6- La finance se met au vert

«Plus vous prenez le virage tard, plus vous risquez de vous casser la gueule, résume Pierre Radanne. Un engagement massif des acteurs financiers et des entreprises s'observe depuis la COP 21 en 2015. Ceux qui sont à la traîne feraient bien de sauter le pas avant qu'il ne soit trop tard.» Le PDG de l'entreprise néerlandaise Royal DSM, Feike Sijbesma, aussi vice-président de la coalition Carbon Pricing Leadership pour la mise en place d'un prix officiel sur le carbone, porte le même message : «Les gouvernements ne doivent pas être les seuls à lutter contre le changement climatique. Les entreprises doivent s'y investir aussi car elles ont leur part de responsabilité. Celles qui sont les plus réticentes à prendre le train en marche devraient comprendre que ces changements se feront avec ou sans elles.»

Mercredi, à Bonn, 320 entreprises se sont ainsi engagées à se doter d'objectifs de réduction de gaz à effet de serre alignés sur l'accord de Paris. Le secteur financier commence aussi à envisager les risques d'instabilité que représente le changement climatique. Mi-juillet, un groupe d'experts mandaté par la Commission européenne a ainsi conclu qu'«après la crise financière, la finance durable serait la meilleure opportunité pour l'UE de réorienter son système financier d'une stabilisation sur le court terme à un impact sur le long terme». Considérée auparavant comme exotique, voire hérétique, la finance verte est devenue tendance. C'est à ce thème que Macron a décidé de consacrer son One Planet Summit du 12 décembre. «Sont attendues de nombreuses initiatives de la finance privée pour intégrer les enjeux climatiques dans les marchés internationaux», assure Canfin.

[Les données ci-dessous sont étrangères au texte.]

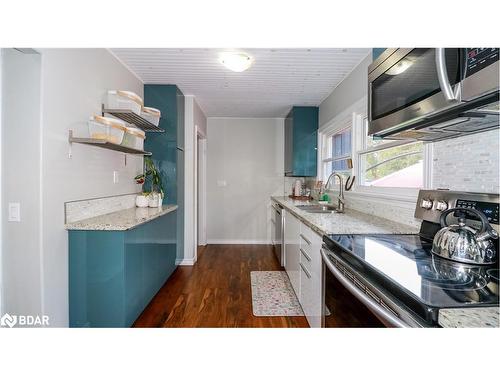 2208 Willard Avenue, Innisfil, ON - Indoor Photo Showing Kitchen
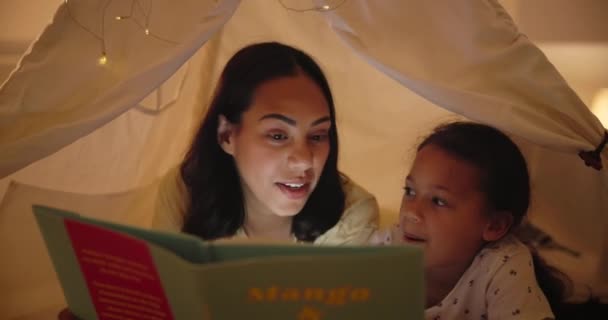 テントの物語は 本と一緒に家での子供の発達のために結びついています 女の子と夜に屋内でリラックス おとぎ話 読むことに興奮して楽しいと愛 — ストック動画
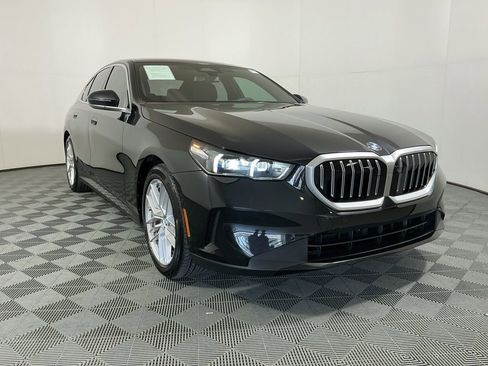 Certified 2025 BMW 530i w/ Premium Package RWD image 4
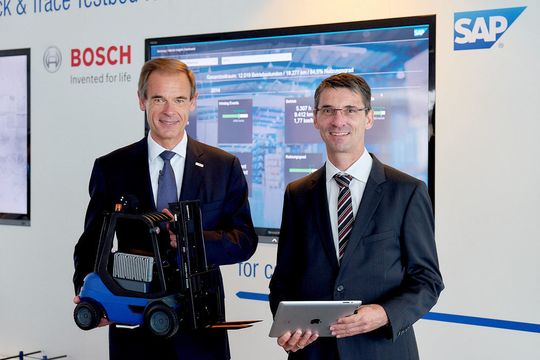 Bosch-Chef Dr. Volkmar Denner (links) und SAP-Vorstand Bernd Leukert (rechts) beim zweiten gemeinsamen Arbeitstreffen der Plattform Industrie 4.0 und des Industrial Internet Consortiums (IIC) in der SAP-Zentrale in Walldorf/St. Leon-Rot. Bosch-Chef Dr. Volkmar Denner (links) und SAP-Vorstand Bernd Leukert (rechts) beim zweiten gemeinsamen Arbeitstreffen der Plattform Industrie 4.0 und des Industrial Internet Consortiums (IIC) in der SAP-Zentrale in Walldorf/St. Leon-Rot.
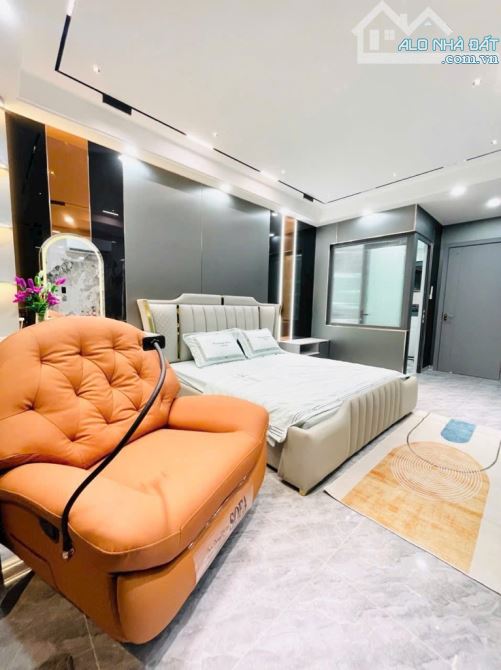HẺM XE HƠI - 5 TẦNG THANG MÁY - 80M2- 4X20M - GẦN MẶT TIỀN QUANG TRUNG - 5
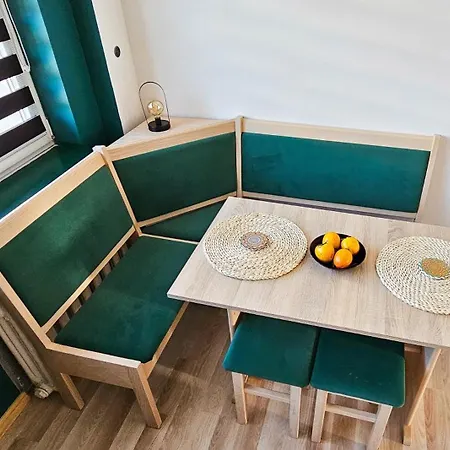 Mieszkanie Dwupokojowe Z Balkonem, Blisko Parku Jastrzebie Zdroj Exterior photo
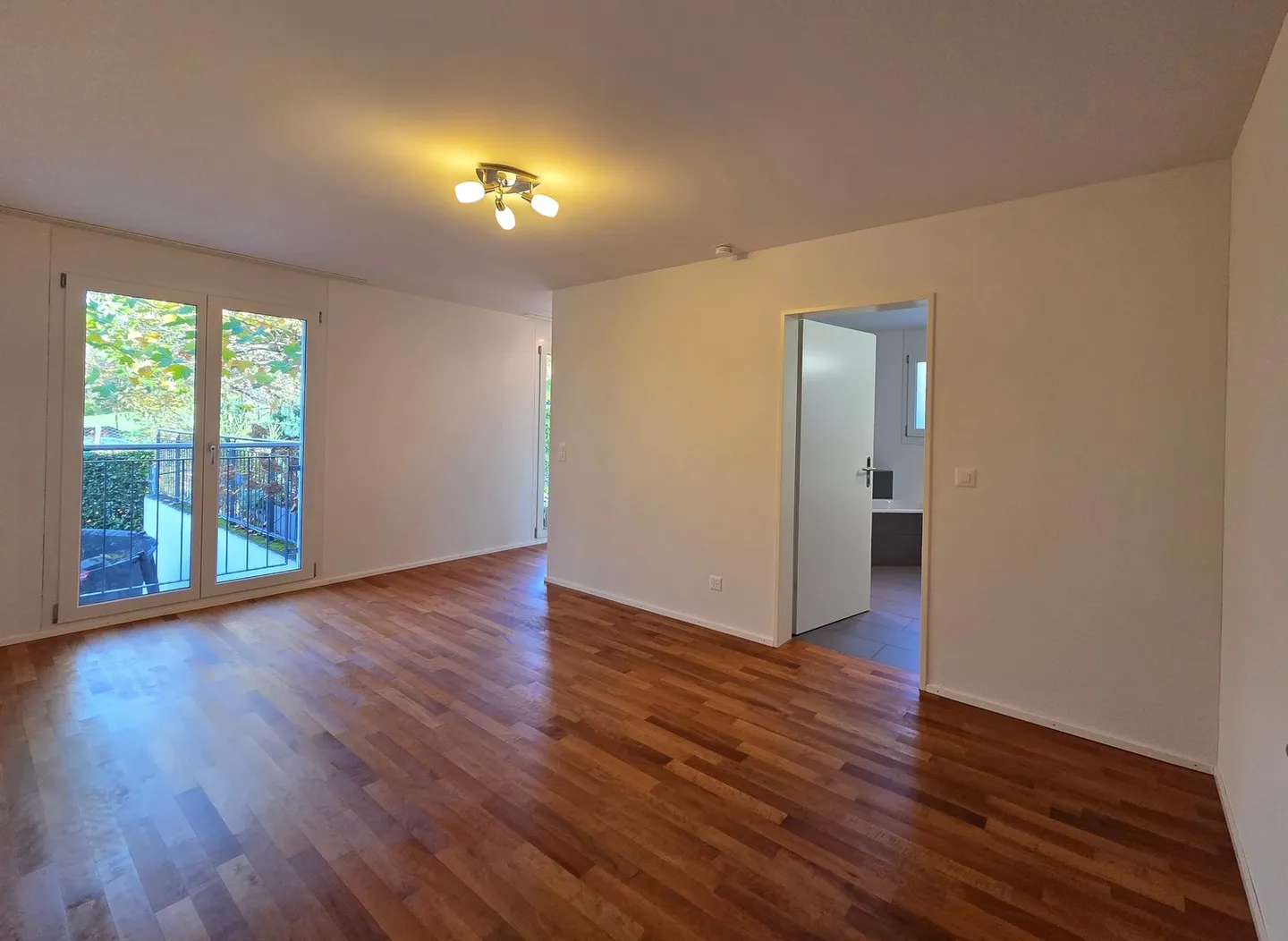 Grosszügige 4.5-Zimmer-Wohnung mit Terrasse und Sitzplatz - Foto 9 von 23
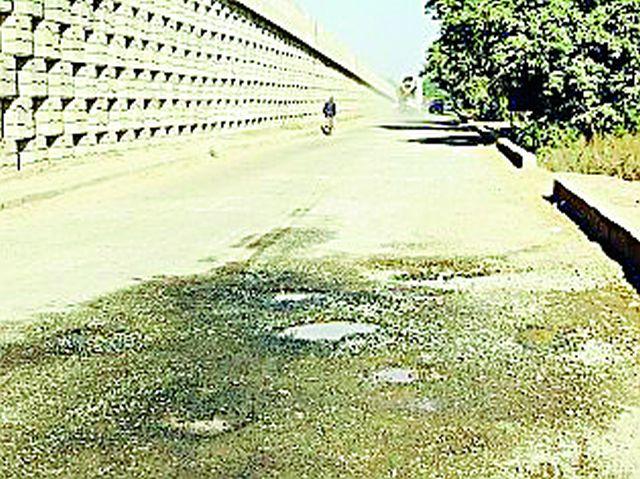 Deccan flyover reached the 'danger zone' | देव्हाडीतील उड्डाणपूल पोचमार्ग झाला ‘डेंजर झोन’ Deccan flyover reached the 'danger zone' | देव्हाडीतील उड्डाणपूल पोचमार्ग झाला ‘डेंजर झोन’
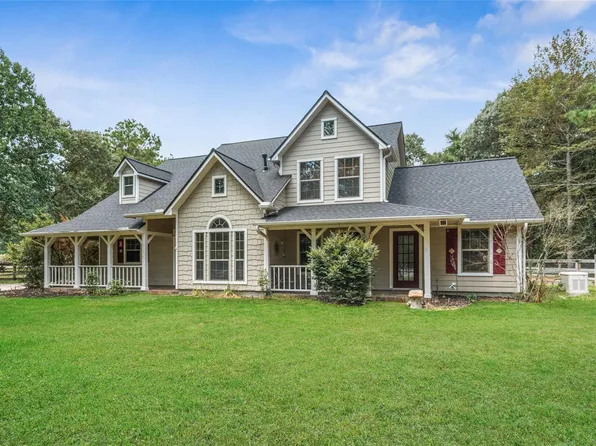 7863 Rodeo Dr, Waller, TX 77484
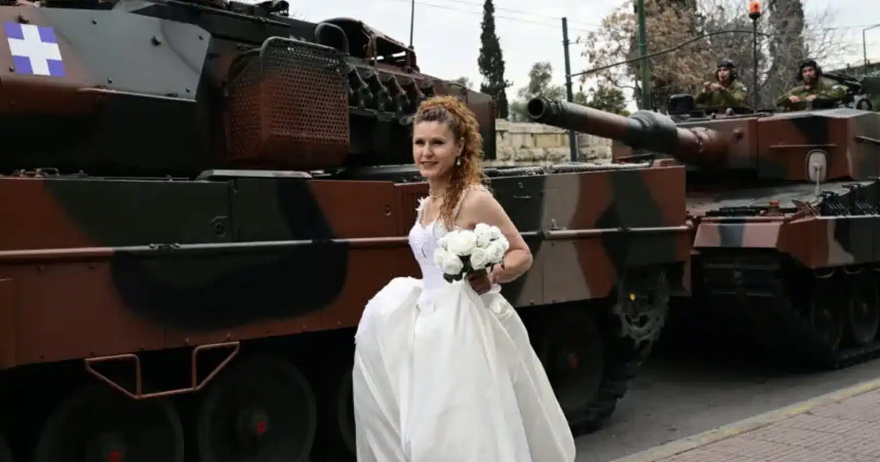 25η Μαρτίου: Νύφη με ανθοδέσμη στο χέρι πόζαρε μπροστά από τα άρματα πριν την παρέλαση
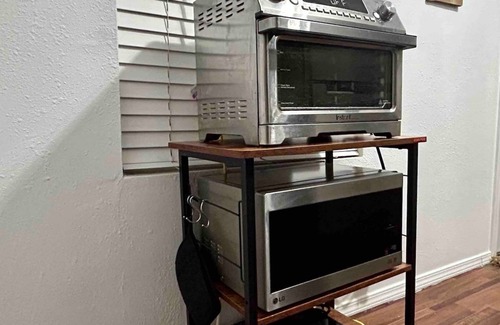 West Odessa Cabin | Pet-Friendly Tiny House | King Bed | Private Land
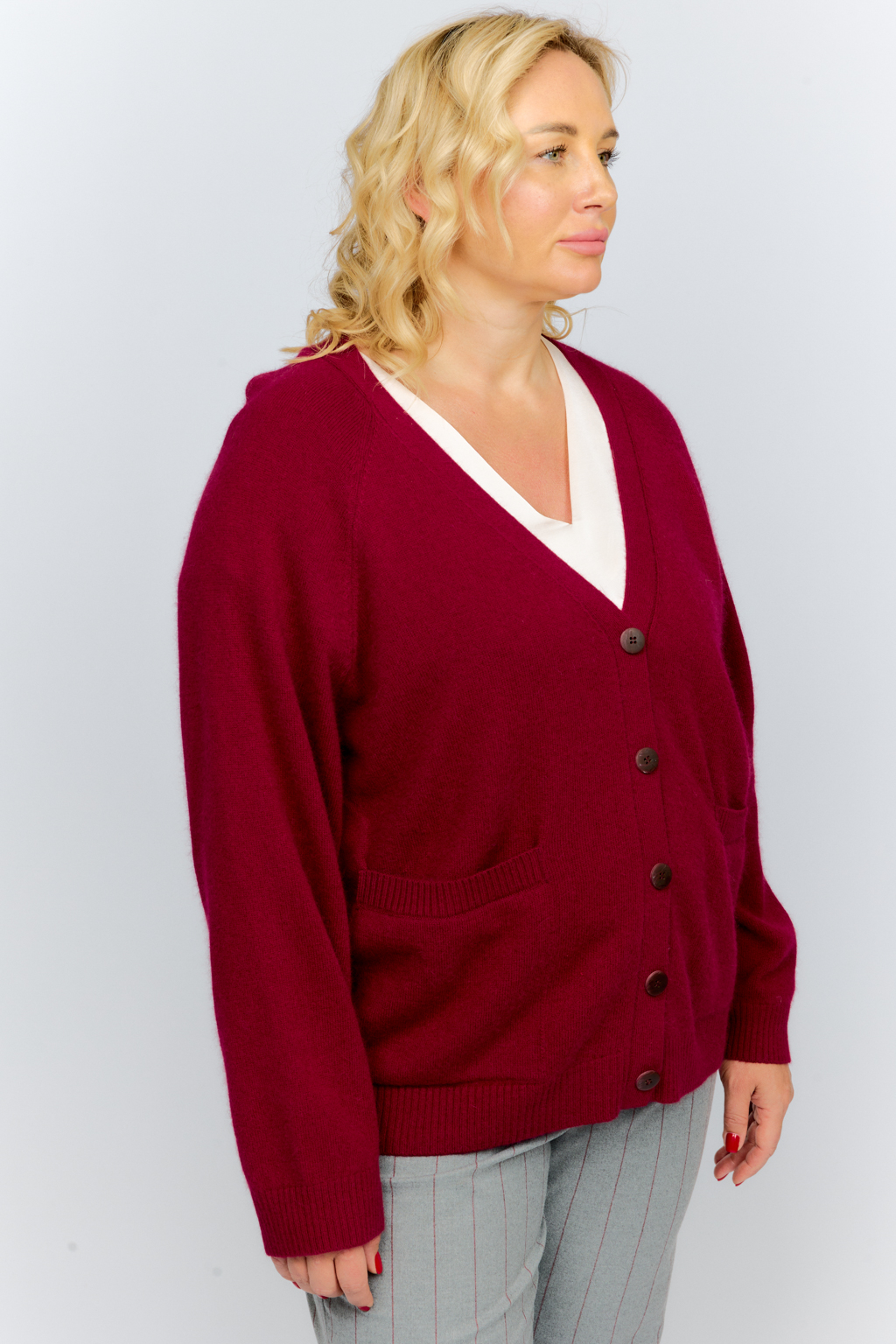 Кардиган прямого силуэта с V-образным вырезом и двумя накладными карманами. Застежка на пуговицах.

Nulle pulsion philanthropique. Ou accès d'écologie politique. Si le climat intéresse les firmes comme le secteur financier, c'est par rationalité. Certains voient leurs activités menacées par le réchauffement - l'agrobusiness, les assurances, les équipementiers - et d'autres anticipent les régulations que pourraient mettre en place les Etats ou les institutions internationales. Alors qu'il y a peu, investir dans le solaire ou l'éolien était considéré comme aventureux, c'est aujourd'hui le charbon qui porte ce facteur de risques. «Il y a de plus en plus d'investisseurs qui misent une grande partie de leur portfolio dans des projets, des entreprises, qui suivent des engagements environnementaux stricts», poursuit Feike Sijbesma. Ainsi PKA, un fonds de pension danois, porte maintenant 25 % de son capital dans des projets tels que des fermes éoliennes ou de rénovation thermique de bâtiments. Pour une raison simple : ils fournissent des retours sur investissements plus sûrs que les actifs traditionnels.